===== DATA LISTING =====

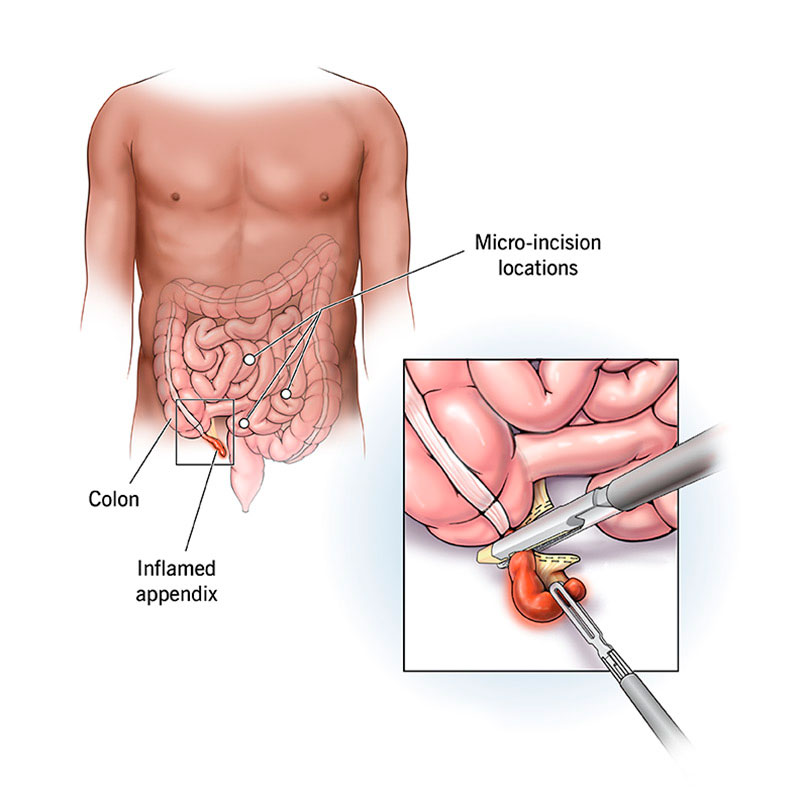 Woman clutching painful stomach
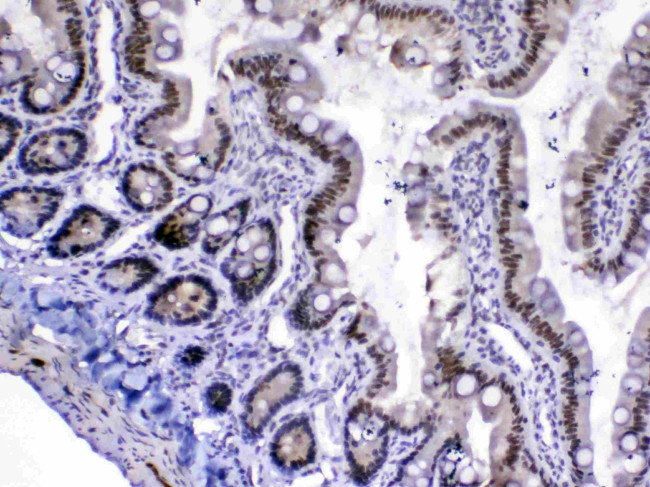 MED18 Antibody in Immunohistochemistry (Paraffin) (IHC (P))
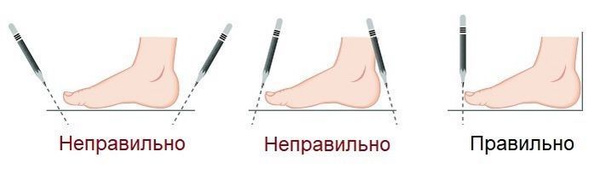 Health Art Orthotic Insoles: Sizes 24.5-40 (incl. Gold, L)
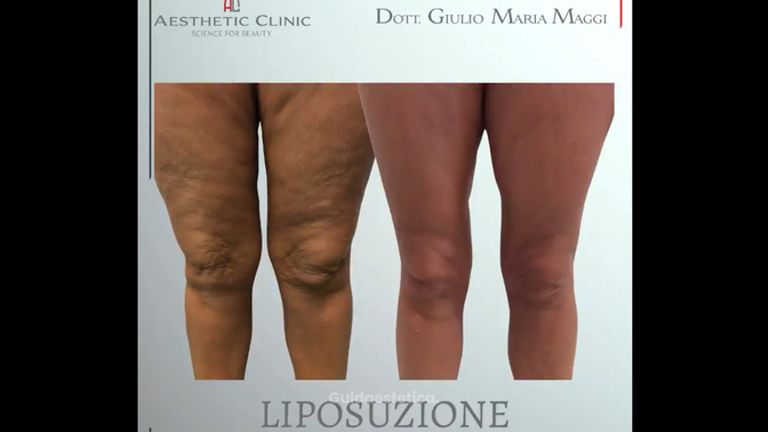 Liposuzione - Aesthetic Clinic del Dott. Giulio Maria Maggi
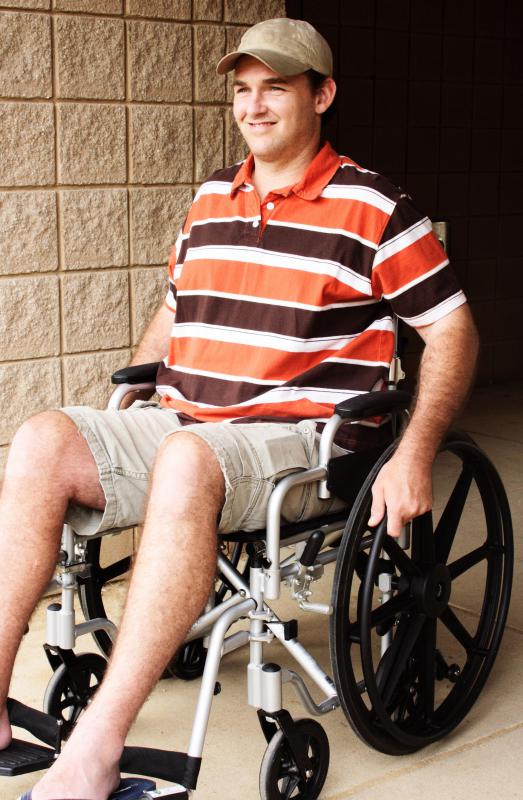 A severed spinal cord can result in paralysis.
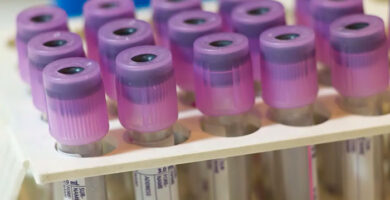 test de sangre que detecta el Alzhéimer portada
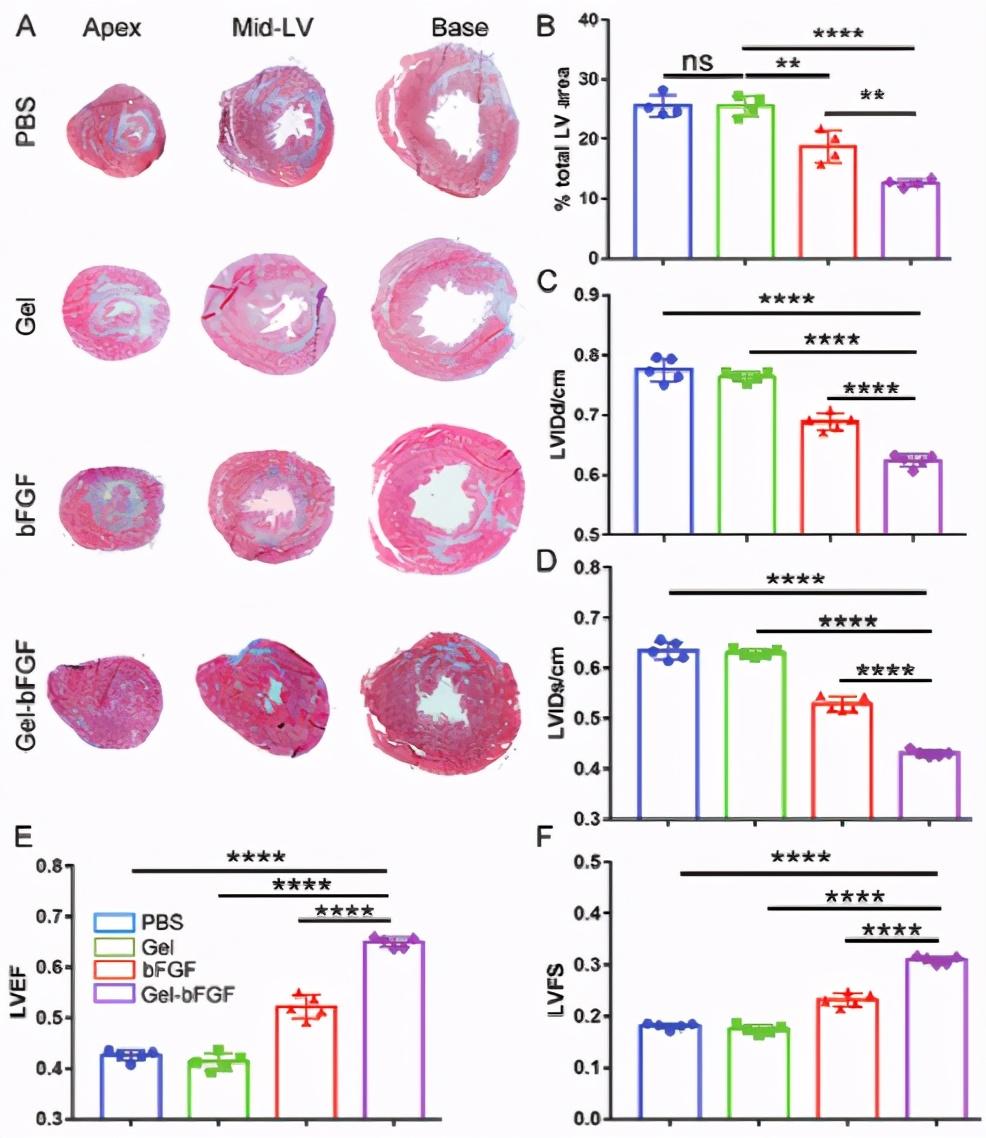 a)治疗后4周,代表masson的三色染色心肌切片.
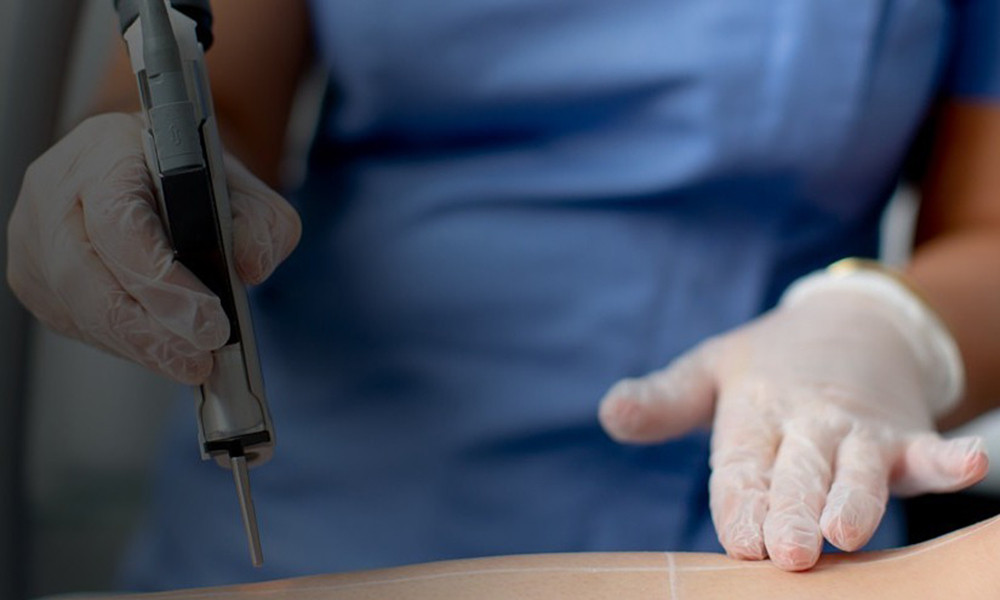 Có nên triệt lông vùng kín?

=====

# [EXERCISE AIM]
Every entry above should be duplicated exactly. Do not include the images.

# [SOLUTION FOR THIS EXERCISE]
 Woman clutching painful stomach
 MED18 Antibody in Immunohistochemistry (Paraffin) (IHC (P))
 Health Art Orthotic Insoles: Sizes 24.5-40 (incl. Gold, L)
 Liposuzione - Aesthetic Clinic del Dott. Giulio Maria Maggi
 A severed spinal cord can result in paralysis.
 test de sangre que detecta el Alzhéimer portada
 a)治疗后4周,代表masson的三色染色心肌切片.
 Có nên triệt lông vùng kín?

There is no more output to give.